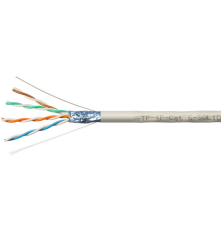 Кабель витая пара NEOMAX F/UTP, cat.6, 4 pair, 23 AWG, PVC, 305 м, серый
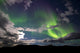 Aurora Borealis with Moonlight Wall Decal Design 30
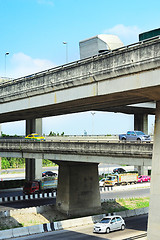 Image showing Bangkok Flyover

**Work required:** The expected output is the full data above, reproduced exactly with no images.

**Answer box:**
 Кабель витая пара NEOMAX F/UTP, cat.6, 4 pair, 23 AWG, PVC, 305 м, серый
 Aurora Borealis with Moonlight Wall Decal Design 30
 Image showing Bangkok Flyover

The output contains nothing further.